La nota prosegue spiegando come il meccanismo di calcolo dell’equo compenso è reso ancora più scivoloso dall’introduzione da parte di Agcom del “tempo speso per informarsi” dagli utenti italiani sulle piattaforme come variabile di riferimento per quantificare i ricavi pubblicitari che le stesse traggono dalle pubblicazioni giornalistiche. “Da studiosa dei media e delle loro dinamiche di consumo – commenta Giomi – prima ancora che da componente Agcom, credo che ciò costituisca un’interpretazione distorta del modello di business basato sull’economia dell’attenzione”.
“Quel tempo infatti non identifica quali e quanti contenuti informativi sono stati fruiti. E, soprattutto, a monetizzare il tempo speso online sulla pubblicazione giornalistica, sotto forma di ricavi da abbonamento o ricavi da pubblicità, sono direttamente gli editori, non le piattaforme. Con queste premesse, il rischio è di trasformare il compenso da equo a forzato, perché sganciato dal reale valore della controprestazione dell’editore”, incalza la Commissaria e prosegue, “e tutto questo avviene proprio nel giorno in cui arriva la valutazione dell’Avvocato generale Ue Maciej Szpunar sul caso Meta/Italia, in vista del pronunciamento della Corte sul ricorso di Meta per annullare una decisione di Agcom, contestando la compatibilità della normativa italiana con il diritto dell’Unione. La valutazione ritiene i poteri attribuiti ad Agcom – compresa la definizione di criteri indicativi di remunerazione – “ammissibili se rimangono in un quadro di assistenza e non privano le parti della loro libertà contrattuale”.
E aggiunge: “In questo caso mi chiedo come sia possibile, per la parte acquirente, che è di nuovo Meta, esercitare libertà contrattuale se il venditore, Gedi, e l’arbitro, ovvero Agcom, non riescono a quantificare le pubblicazioni e quindi a determinare il valore della prestazione o ancor peggio si introducono variabili come il tempo, destinate a fuorviare tale valutazione. In questo modo l’acquirente non è messo in condizione di stabilire la convenienza economica e quindi di esercitare una scelta consapevole di acquisto, come accadrebbe a chiunque di noi che entrando in un negozio non potesse conoscere il prezzo o vedere la merce che gli interessa”.

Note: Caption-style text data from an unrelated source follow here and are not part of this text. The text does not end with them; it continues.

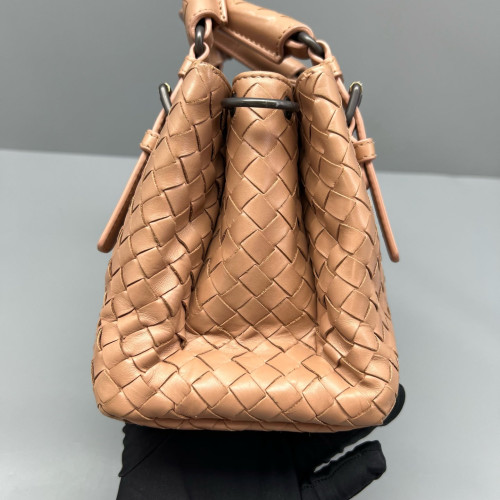 Bottega Veneta Mini Roma Tote Bag Calfskin Intrecciato Nude Pink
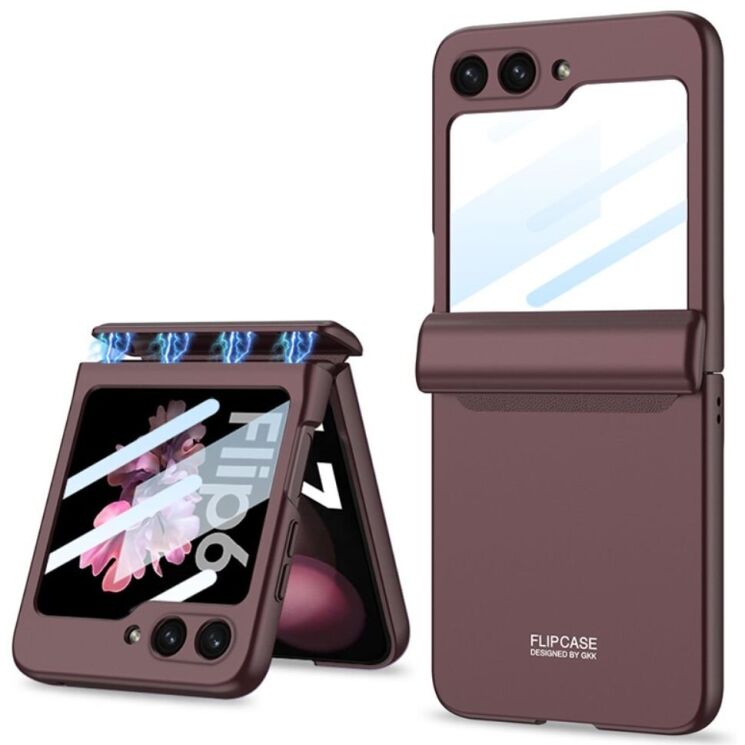 Защитный чехол GKK Magnetic Fold для Samsung Galaxy Flip 6 - Wine Red: фото 1 из 9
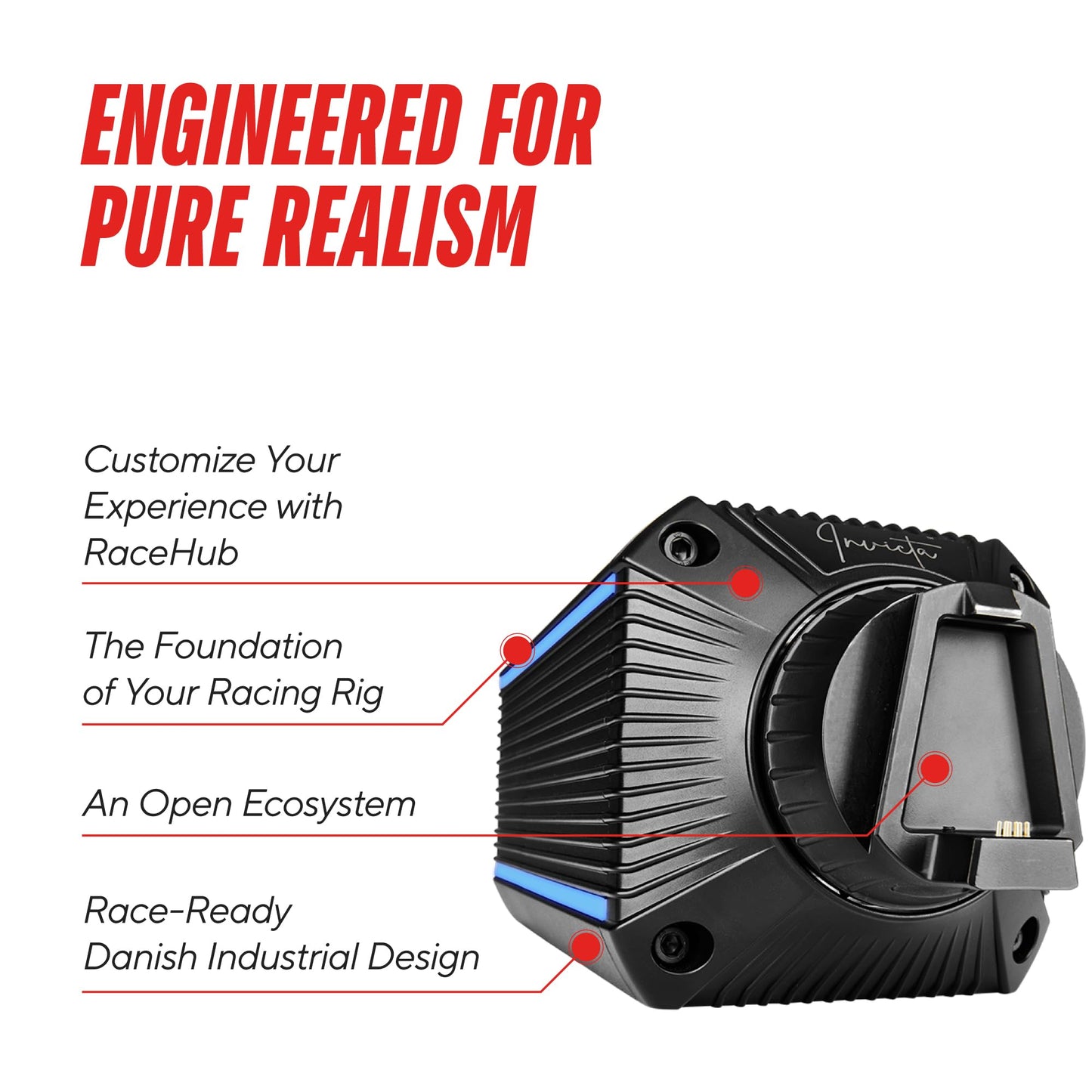 ASETEK Invicta Direct Drive Wheel base 27Nm | Powerful Sim Racing Wheel base with Precise Force Feedback and Advanced Technology for Realistic Driving | Sim Racing Steering System for PC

E conclude: “E’ la stessa Avvocatura generale ad asserire che se gli editori non autorizzassero le piattaforme all’uso delle pubblicazioni sarebbero i primi a farne le spese e continua dicendo che le norme intendono stabilire proprio le condizioni -ovvero i compensi- delle pubblicazioni effettivamente utilizzate. Ma con i criteri introdotti da Agcom, ogni stima del compenso diventa un esercizio metodologicamente errato, ed il trasferimento di denaro da piattaforme ad editori appare arbitrario e forzoso. Anziché fissare il compenso in via amministrativa e su istanza di parte, in violazione della libertà di iniziativa economica e contrattuale dei privati, Agcom avrebbe dovuto al contrario favorire la negoziazione in buona fede, come nello spirito della Direttiva europea. E come io stessa avevo proposto delineando un meccanismo di incentivi a raggiungere un accordo e l’istituzione di un ufficio per la gestione dei tentativi di conciliazioni tra le imprese separato dalla definizione delle controversie”.